NRS 200.485 does not discriminate as to where the action took place, just that it took place.

In a lot of criminal cases, the district attorney (D.A.) will work with a defense attorney to reduce criminal charges down to a lesser offense as part of a plea agreement, but battery domestic violence is a special circumstance.

The prosecutors are prohibited from reducing charges or dropping the case unless there is insufficient evidence to prove guilt beyond a reasonable doubt.

A lot of times, the accuser or the victim who initially called the police will repent or does not want to press charges against the accused.

Prosecutors will charge the accused anyway and will continue with the case.

So even if you are just charged with this crime, it is imperative that you have experienced and aggressive legal counsel.

Since the case won’t likely be dropped and will move forward you need a strategic defense.

Jail and fines are not the only consequences of domestic violence charges.

Can I Go to Jail for Domestic Violence Charges

First-time domestic violence charges are often considered misdemeanors, leading many to expect just a slap on the wrist, maybe a fine, or community service. However, the actual consequences depend on the crime and its severity.

But can you go to jail for domestic violence charges?
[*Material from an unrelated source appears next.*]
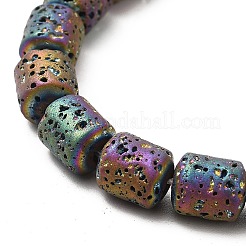 Electroplated Natural Lava Rock Beads Strands&nbsp;G-G984-16E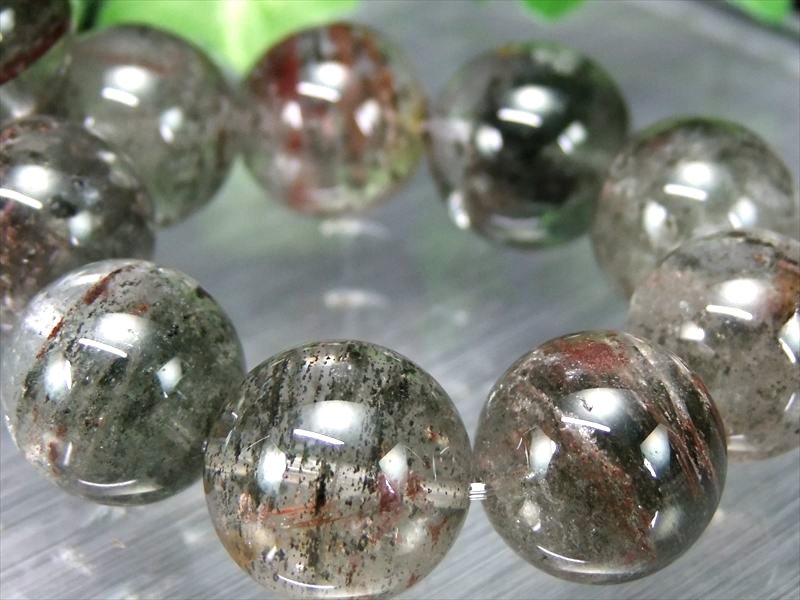 龍神珠有り 4A 大珠 モスグリーン千層ガーデンクォーツ ブレスレット 15mm-15.5mm×14珠 超透明水晶に 龍神カラーの絶景庭園水晶 美麗層状 1点物 ブラジル産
Yes, you can go to jail.

Also, the time of the charges plays a role in the sentence your given for example:

First Offense of Battery Domestic Violence in a 7 Year Period

  • $200-$1000 fine
  • 48 to 120 hours of community service
  • Domestic violence counseling at least 1.5 hours per week for 6 months
  • Jail time ranging from 2 days to 6 months, with the possibility of suspension upon completion of all other penalties.

Second Offense Within a 7 Year Period

  • $500-$1000
  • 100 to 200 hours of community service
  • Counseling of at least 1.5 hours per week for one year
  • 10 days minimum in jail or up to six months.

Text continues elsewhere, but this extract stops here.